For most of Spike Lee’s visit to Penn in January, the provocative filmmaker bantered with his old friend Heather A. Williams, who moderated the 25th MLK Jr. Social Justice Lecture & Award featuring Lee, and cracked jokes in front of an energetic and sold-out crowd at the Annenberg Center’s Zellerbach Theatre.
But when the conversation shifted to his 1997 documentary film 4 Little Girls, Lee took a softer tone. “That’s the best work I’ve ever done,” said the director who’s more widely known for narrative classics like Do the Right Thing and Malcolm X. “That’s the one for me, 4 Little Girls.”
The historical documentary tells the story of the four African American girls—Denise McNair, Cynthia Wesley, Carole Robertson, and Addie Mae Collins—who were killed in the Ku Klux Klan’s terrorist bombing of the 16th Street Baptist Church in Birmingham, Alabama, in 1963. Described by Martin Luther King Jr. as “one of the most vicious and tragic crimes ever perpetrated against humanity,” the bombing served as a catalyst for the passage of the Civil Rights Act of 1964.
Williams—Penn’s Geraldine R. Segal Professor in American Social Thought and Professor of Africana Studies—agreed that 4 Little Girls is the filmmaker’s best work, praising not only the tightly shot interviews with family members that painted a picture of the girls’ personalities, but the way Lee connected their murders to the broader civil rights struggles in Birmingham at the time.

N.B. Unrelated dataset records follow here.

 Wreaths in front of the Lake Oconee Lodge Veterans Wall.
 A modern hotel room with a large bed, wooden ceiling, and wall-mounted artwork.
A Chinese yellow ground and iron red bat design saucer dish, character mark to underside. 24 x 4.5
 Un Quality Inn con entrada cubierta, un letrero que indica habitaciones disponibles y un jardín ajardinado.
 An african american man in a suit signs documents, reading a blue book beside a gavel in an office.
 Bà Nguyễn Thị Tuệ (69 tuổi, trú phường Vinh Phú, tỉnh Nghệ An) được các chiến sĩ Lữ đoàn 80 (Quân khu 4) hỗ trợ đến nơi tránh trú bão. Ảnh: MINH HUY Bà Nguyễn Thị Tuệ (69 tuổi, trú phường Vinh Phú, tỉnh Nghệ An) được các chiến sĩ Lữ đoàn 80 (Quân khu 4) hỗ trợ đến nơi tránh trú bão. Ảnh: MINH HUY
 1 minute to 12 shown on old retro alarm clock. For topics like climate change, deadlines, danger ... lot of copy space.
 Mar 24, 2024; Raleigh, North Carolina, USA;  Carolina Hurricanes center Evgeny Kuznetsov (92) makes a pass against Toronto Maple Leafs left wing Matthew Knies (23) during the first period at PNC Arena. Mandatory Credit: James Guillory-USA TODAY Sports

And she believes the film’s significance has not waned in the nearly 30 years since its theatrical release. “I was thinking that everybody in this room needs to see that film now,” said Williams, who began plotting a return appearance for Lee along with a campus screening of 4 Little Girls, which was nominated for an Academy Award for Best Documentary Feature Film. “Everybody in the country should,” she added, “because it has such resonance for when we think about what’s happening in Minnesota. You know, they haven’t brought out the fire hoses, but they have brought out tear gas.”

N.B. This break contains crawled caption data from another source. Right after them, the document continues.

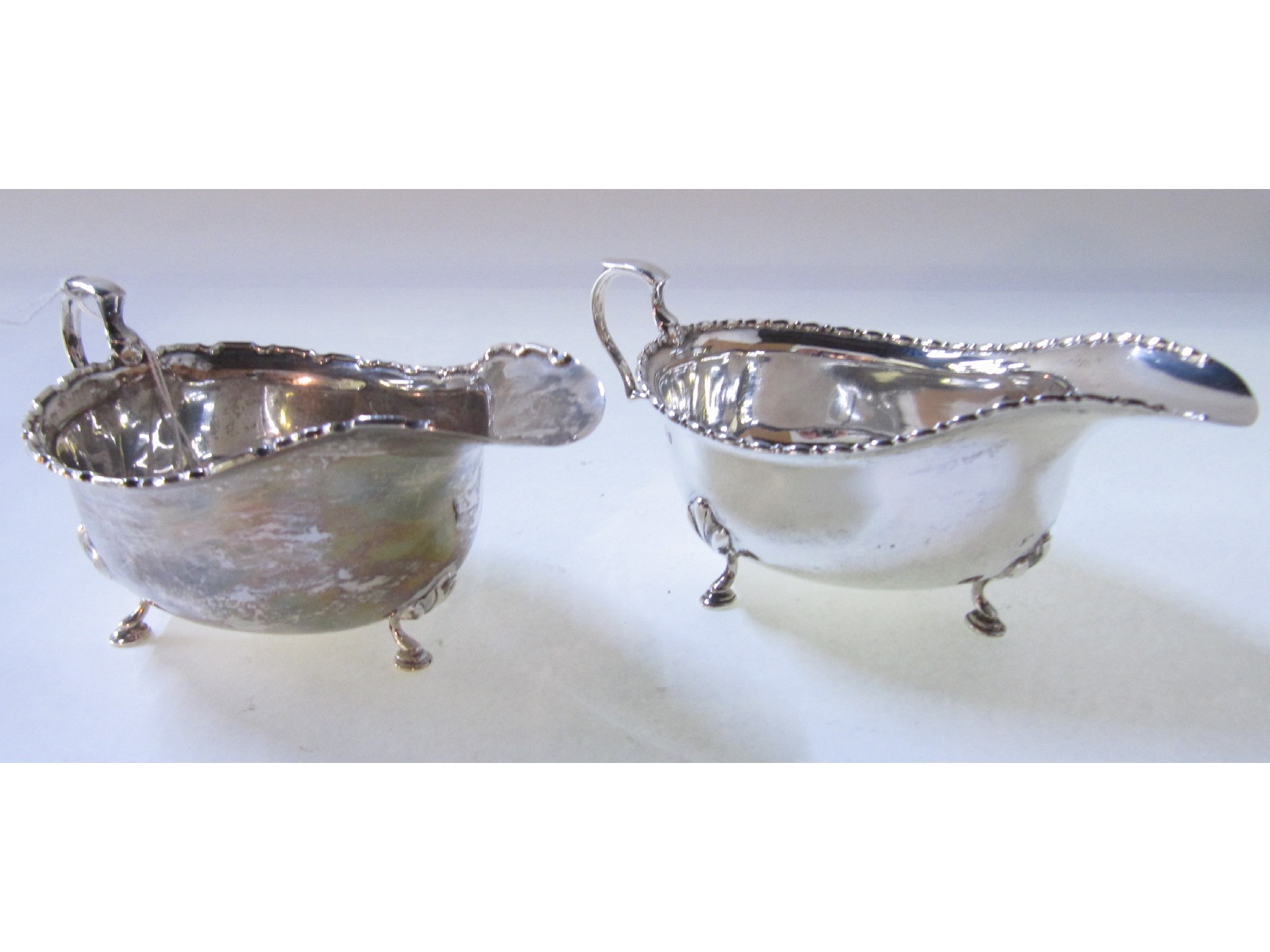 Appraisal: A lot comprising two silver sauceboats Birmingham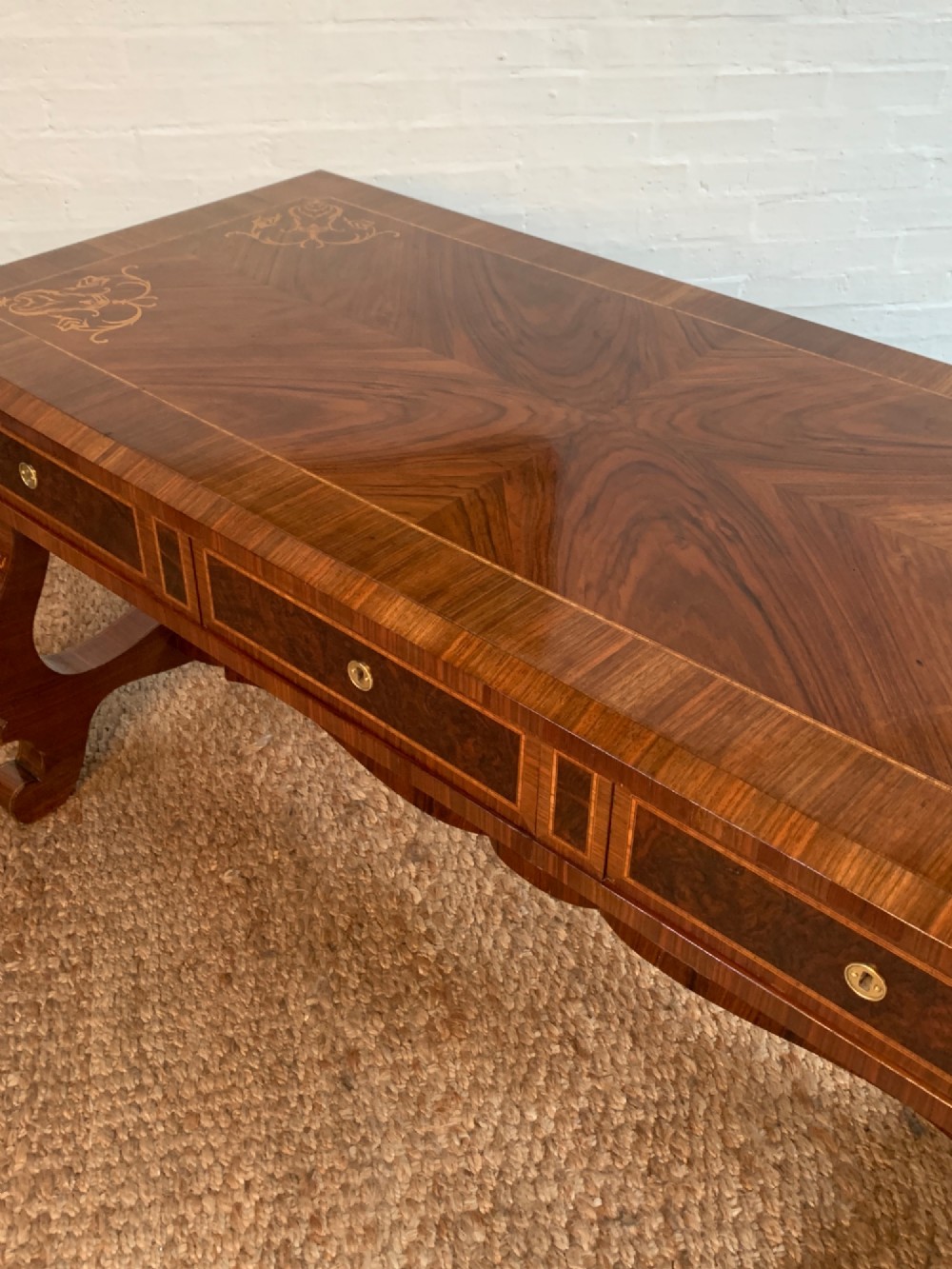 A rectangular walnut writing desk featuring decorative corner marquetry, three frieze drawers with brass pulls, curved lyre-shaped legs, and a shaped central stretcher. View V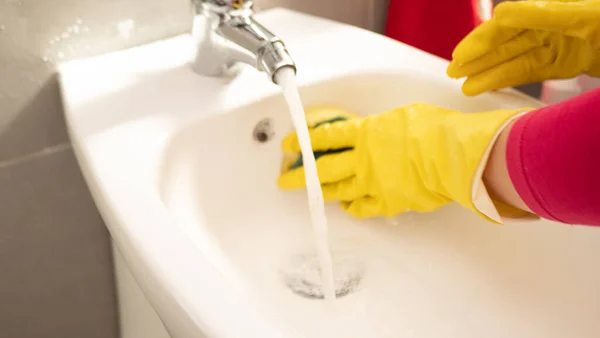 打扫你的房子。妇女在浴室做家务活，手戴黄色手套清洁水龙头，钢制洗涤槽，带有蓝色抹布和洗涤剂喷雾 — 图库照片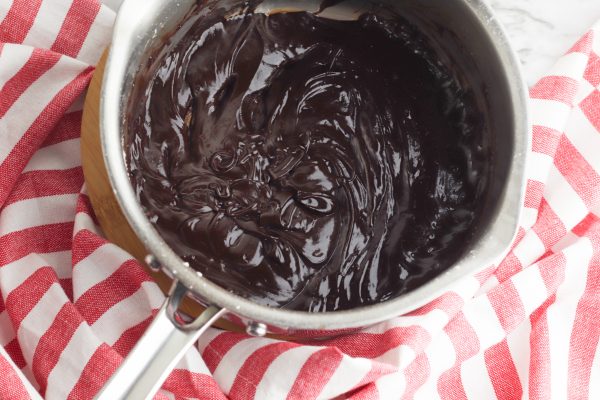 When the cake is cool, prepare the topping by melting the butter and cocoa powder in a small saucepan, stirring constantly. When the butter is melted and the chocolate is well combined, remove from heat and add the powdered sugar, peppermint extract, and one tablespoon of hot water. Stir to combine. Add more water as needed until desired consistency is reached.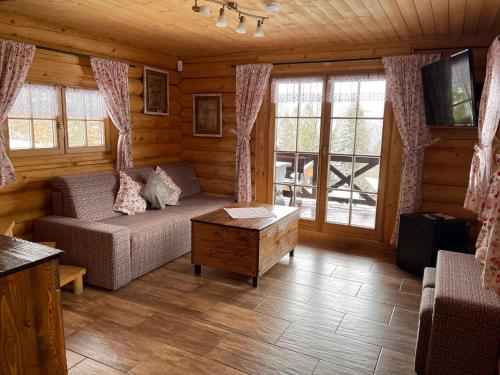 a living room with a couch and a table at Chata Wuja Toma in Szczyrk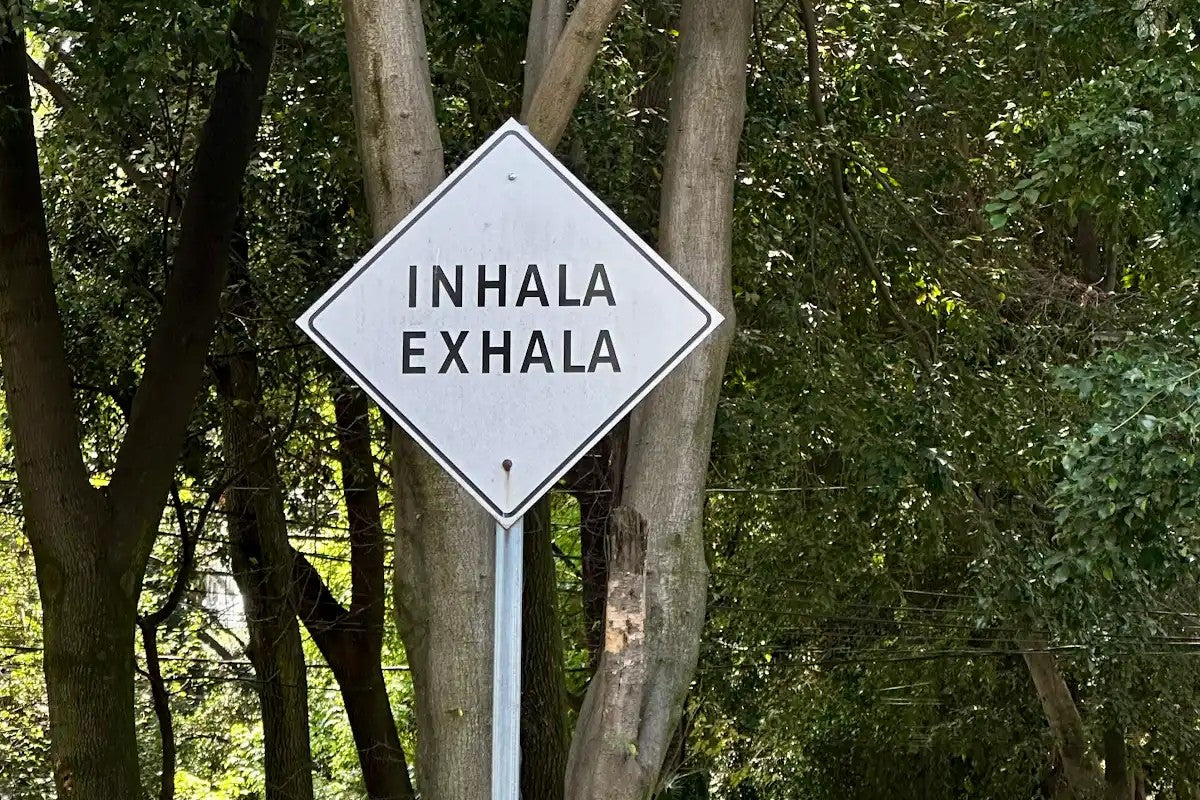 Outdoor diamond sign reading Inhala Exhala surrounded by lush green trees, symbolizing mindful breathwork and holistic wellness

Lee noted that one of the toughest decisions of his career was whether to include the postmortem photographs of “those four beautiful, young Black girls who weren’t allowed to grow up” after his researcher found them in post-production. In the end, he decided to not shield viewers from the painful images, showing them on screen but “very quickly.”
Lee also touched on the “funny but pathetic moment” when former Alabama governor and staunch segregationist George Wallace was interviewed for the film (near the end of his life) and brought over his “Black best friend … who did not want to be in the shot” but got a closeup anyway. The director had much kinder words for Fred Shuttlesworth—a minister and activist who was featured in the film’s historical footage along with his ally Martin Luther King Jr. and, Lee noted, “does not get the credit” he deserves for his role in the civil rights movement. Lee went on to name two main characters after Shuttlesworth in his 1998 basketball movie He Got Game, starring Denzel Washington.

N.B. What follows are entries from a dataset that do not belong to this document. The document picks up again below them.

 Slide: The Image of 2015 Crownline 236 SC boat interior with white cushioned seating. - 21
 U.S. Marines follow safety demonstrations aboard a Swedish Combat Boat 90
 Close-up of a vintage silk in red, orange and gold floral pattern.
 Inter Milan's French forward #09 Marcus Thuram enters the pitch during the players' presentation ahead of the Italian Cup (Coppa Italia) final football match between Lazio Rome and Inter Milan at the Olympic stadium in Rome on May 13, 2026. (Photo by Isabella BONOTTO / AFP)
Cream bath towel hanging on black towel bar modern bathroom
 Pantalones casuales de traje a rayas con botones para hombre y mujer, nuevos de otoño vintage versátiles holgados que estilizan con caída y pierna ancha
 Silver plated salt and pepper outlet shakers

Much of the rest of the discussion between Lee and Williams centered around the Penn professor’s longstanding friendship with the director—and his mother, Jacquelyn Lee, who had been Williams’s Black Studies teacher at Saint Ann’s School in Brooklyn Heights in the 1970s, taking her students on trips to Broadway shows and poetry readings and “opening up this other world of Black culture.”
Spike Lee’s mother opened a new world for him too, in a different way. “I did not grow up wanting to be a filmmaker,” Lee said, but “my mother was a cinephile, and I’m the oldest of five, and I was my mother’s movie date. … That’s where the seed was planted.”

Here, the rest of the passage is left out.